A hunter of bandits, not a bandit…
“The other day I noticed,” Moomintroll began again, though less resolute now, “that the flowers on your hat had quite wilted, so I ran out early this morning to get you fresh ones.” And he extended Snufkin’s hat, crowned with a wreath of fragrant white star-shaped blossoms. “Here. Jasmine.”
He named the flower with a strange, tender intonation. Almost like… an address? A personal name? The word clearly held some special significance for him and… and the other Snufkin? The one who would never return to Moominvalley. Who had carried the correct countersign for this password to his grave.
Snufkin’s mind raced. Jasmine, something familiar, something recent… Ah, yes, yesterday the Inspector had mentioned Jasmine Hill, where they had prospected for gold, and the bandits, and the stranger who had stopped them. But how did that connect with Moomintroll and the other one? If that had been him, and he had wished to remain unrecognised, then…
“I don’t know what you mean,” Snufkin replied with exaggeratedly false, jocular intonation, accepting the hat from the pearly-grey paws. It worked. Moomintroll giggled, spun on his heels. But immediately he turned back. His eyes shone.
“I never told anyone it was you! Though I wanted to, terribly! It’s such a shame that the others don’t know how much you do for them.”
Each word drove like a nail into Snufkin’s conception of himself, with which he had been totally content. This joy, this gratitude, was not meant for him. But until yesterday, he had believed himself entitled to it.
By various laws, he might be classified as a con man, a swindler (as if he had no right to take something in compensation for his efforts and ingenuity in bending the reality!). But he thought of himself as an artist, a colleague of writers, actors, and painters. He took pride in clean work, pride in adhering to his own standards. He took nothing from children, never stripped the poor of their last possessions, and always tried to depart without shattering the illusion he had woven, so that his ‘clients’ might retain happy memories and not regret the loss of some trinket or modest sum. But when he encountered outright scoundrels, he fleeced them without compunction and made certain they understood they had been deceived. Let them experience what it was like to be on the receiving end of the treatment they dealt out to others. Perhaps it would give them pause for thought.
And then one day, with brazen simplicity, employing nothing more than bar-room chatter and a pinch of sleeping powder, he had relieved one fool of his surplus cash—a fool who had been boasting of robbing a shop. That fool, it turned out, had relatives, serious toughs, with long arms and short patience. He needed to lie low, and quickly, but had no safe place in mind in that region. Nor any time to spare. He fled into the wilderness, without gear, without supplies. Snufkin… no, that wasn’t right; he wasn’t called that then. That detail, together with brotherhood, had been a pure invention. He had no name at all, really; he adopted whatever suited the circumstances, changing tags like gloves. So: he had no fondness for uninhabited places, and when he spotted a campfire in the night steppe with a solitary traveller beside it, guitar in hand, he risked joining him. He regretted his decision upon drawing nearer and noticing that the traveller had a rifle lying nearby and a pistol holster at his belt, and altogether the most villainous appearance.
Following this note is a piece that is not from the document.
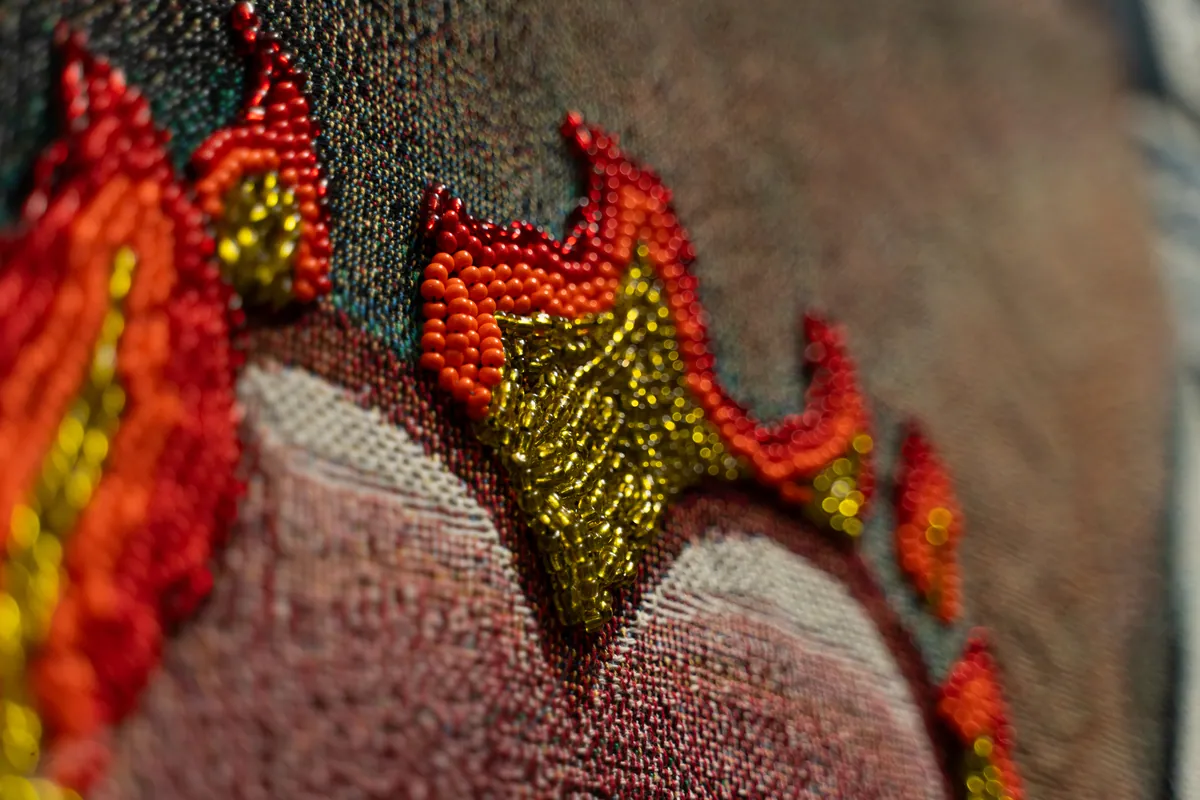 Macro detail of glass seed beads worked into the flames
Though the stranger turned out to be a mumrik as well. He did not introduce himself, engaged in no small talk, simply strummed the same tune over and over. But neither did he drive the newcomer away, and even shared his tea. So the artist risked another venture: he muttered, as if to himself, how he wished he might find some quiet place where the inhabitants did not automatically take all strangers for agents of hell. The villain-face gave a snort, muttered through clenched teeth that no such place existed. But after a few minutes' silence, he added that a quiet place was not to be found but made. Find some godforsaken back of beyond; ignore accusations of consorting with the devil; do no harm, quite the contrary; tolerate small moomintrolls tagging along all day long—here his gaze flickered momentarily northward, the corner of his mouth twitching into a smile. But the artist knew how to observe and draw conclusions, to sniff out the slightest opportunity for a… project. He asked whether his companion happened to be heading that way. “Nope,” the other replied. “First I’ve got to pay someone a visit, explain that they’ve overstepped the mark.”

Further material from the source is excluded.